PROBLEM DESCRIPTION
Make an exact copy of the listing so that no picture is carried over.

INFORMATION PROVIDED
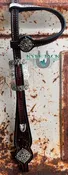 Antique Heart Dark Headstall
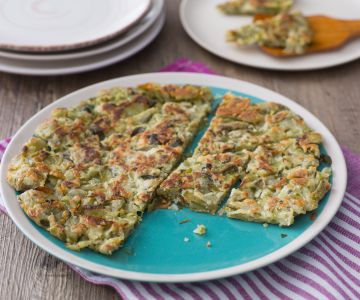 Fava Pod Omelette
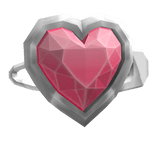 Pink & Silver Heart Gem Hair Clip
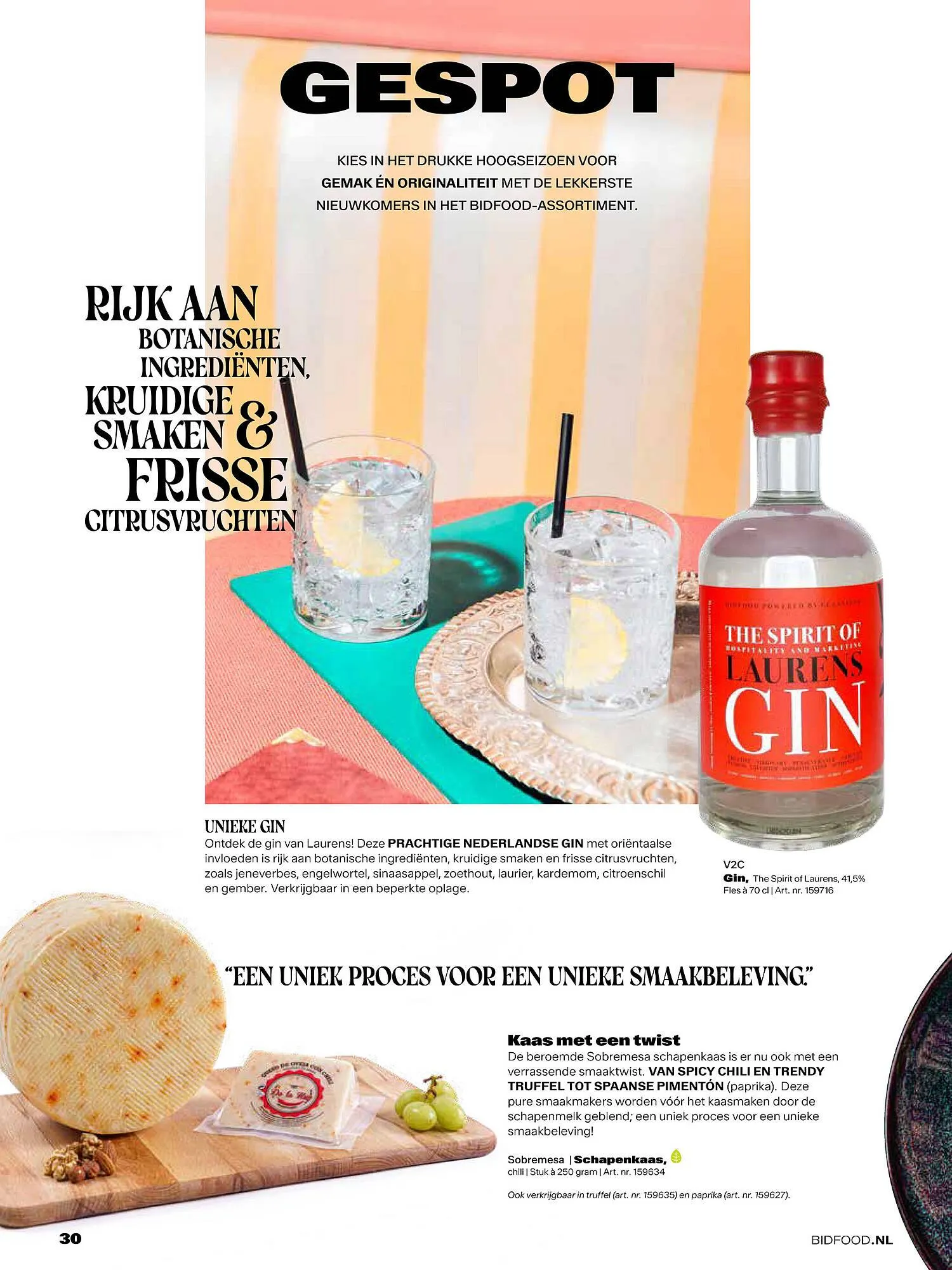 Bidfood folder van 1 mei tot 31 augustus 2025 - Folder pagina 30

EXPECTED ANSWER
 Antique Heart Dark Headstall
 Fava Pod Omelette
 Pink & Silver Heart Gem Hair Clip
 Bidfood folder van 1 mei tot 31 augustus 2025 - Folder pagina 30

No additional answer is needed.